With respect to density fluctuation in liquids that are above the melting temperature, such as room temperature water, the structure changes and relaxes back to its equilibrium over a period of a few picoseconds (one millionth of one millionth of a second). With respect to liquids near the glass state the local structure changes on a time scale of the order of 100 seconds. This structural relaxation is, however, anticipated by the appearance of a faster dynamic process of molecular re-arrangements known as the Johari-Goldstein relaxation, and whose role in the glass transition is still well debated.

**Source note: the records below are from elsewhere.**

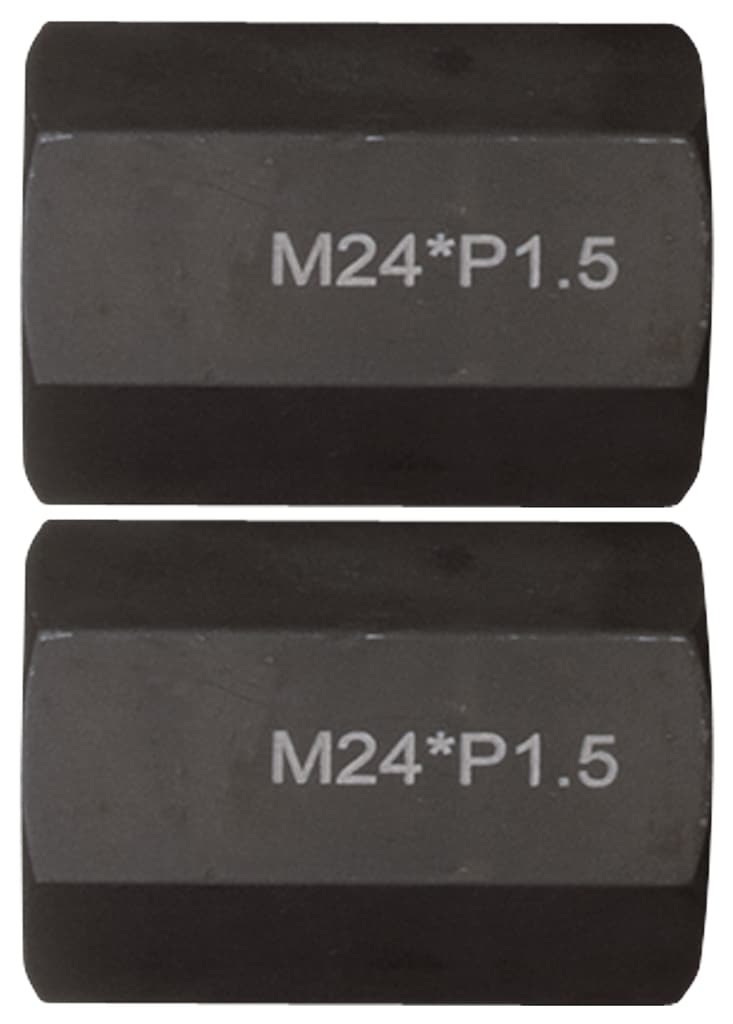 Jeu d'adaptateurs filetés M24x1,5 L=65 mm, 2 pcs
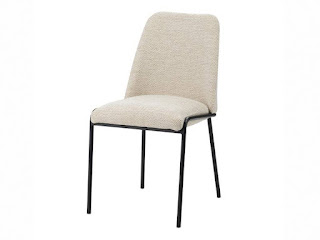 Silla basica diseño forja tapizada crema blanco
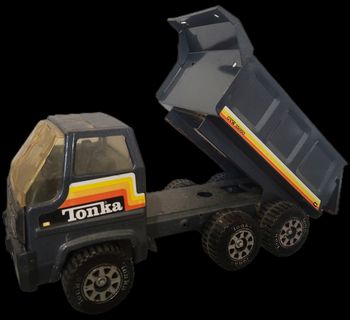 Camion en tôle, année 80s Tonka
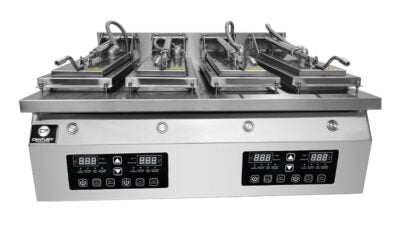 Century / CP4968 / Fully Automatic Four Pan Gyoza Grill 240V 32A / 60kg / W720 x D670 x H370/ 1Y Warranty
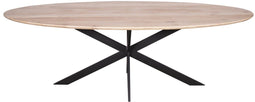 StarFurn Eettafel Ferris Eiken Ovaal 210cm Naturel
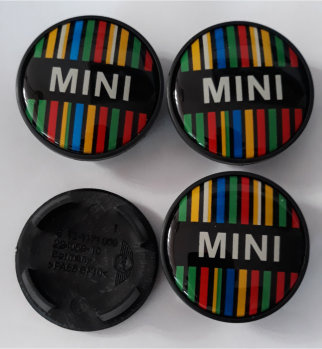 Mini Naafdoppen "Coloured" 54mm - nr. 1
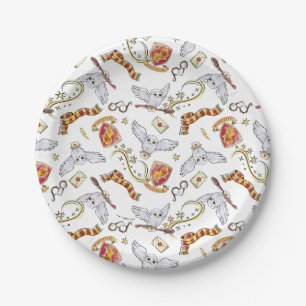 Assiettes En Carton Motif Hedwig GRYFFINDOR™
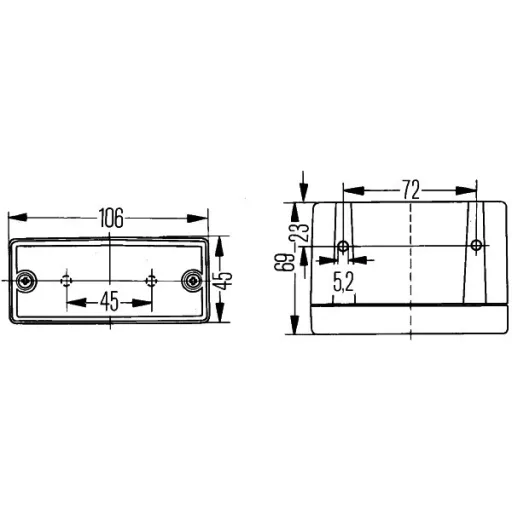 Universal Teherautók Záróködfény P21W HELLA (0WZB)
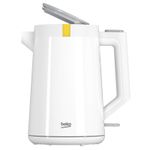 Electronice si Electrocasnice - Electrocasnice bucatarie - Preparare bauturi - Fierbatoare de apa - Fierbator Beko WKM4215W, 2000W, 1.7 litri, rotire 360°, indicator nivel apa, deconectare automata, filtru anticalcar - Infinity.ro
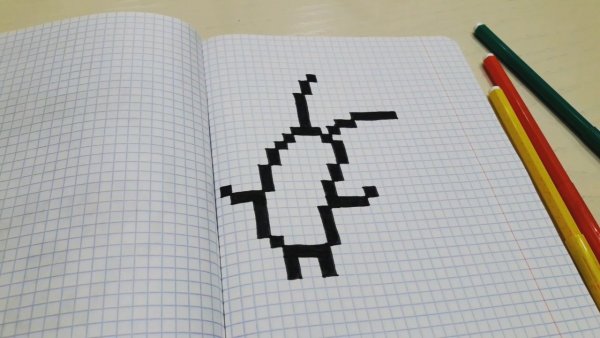 Срисовки планктон по клеточкам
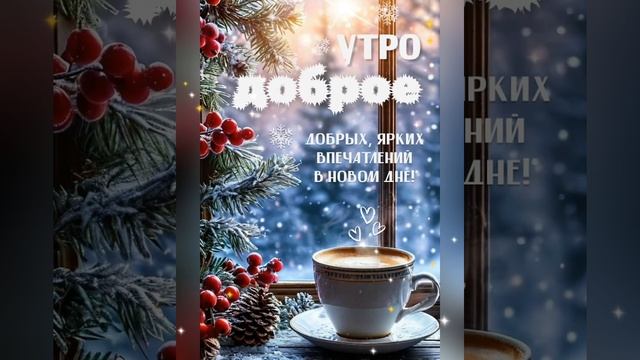 Доброе утро. Удачного дня.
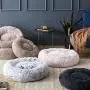 Western Home Faux Fur Dog Bed & Cat Bed, Original Calming Dog Bed for Small Medium Large Pets, Anti Anxiety Donut Cuddler Round Warm Washable Cat Bed for Indoor Cats(27'', Light Grey)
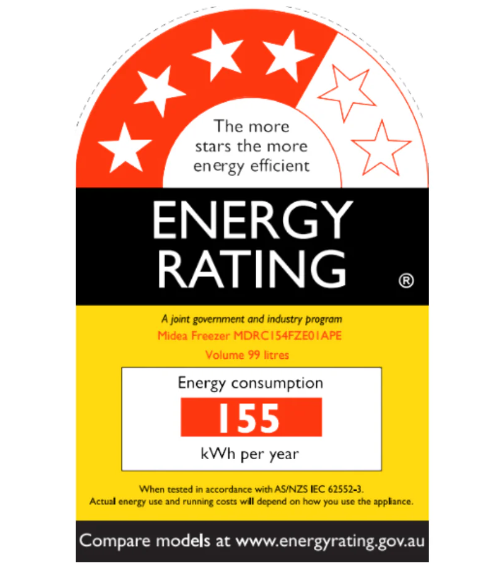 T Midea Inverter 99L Chest Freezer-White Color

The international research team used time-domain X-ray interferometry of the European Synchrotron Radiation Facility’s (ESRF) nuclear resonance beamline, to study the preliminary characterization of the atomic scaled samples from Pisa (CISUP Instrumentation Network) of the Johari-Goldstein relaxation in the glass-forming liquid in a liquid close to its glass-transition temperature.
The results provide a new perspective of microscopic dynamics in the supercooled liquid state. The molecules in the Johari-Goldstein relaxation form a cluster throughout the structure thus marking the development of a mosaic structure, with pieces of less mobile molecules (white spheres) separated by an ever-changing network of highly mobile molecules (red spheres). The appearance of this mosaic structure confirms the idea that a transition of a dynamic nature takes place in supercooled liquids, as suggested by some theoretical models of the glass transition.
Coordinator of the work, Prof Giulio Monaco of the University of Padua Galileo Galilei Department of Physics and Astronomy concludes by saying, “These results help us clarify the microscopic mechanisms by which some liquids become glass, such as fused silica that becomes a windowpane, rather than crystallizing, such as what water does when it freezes.”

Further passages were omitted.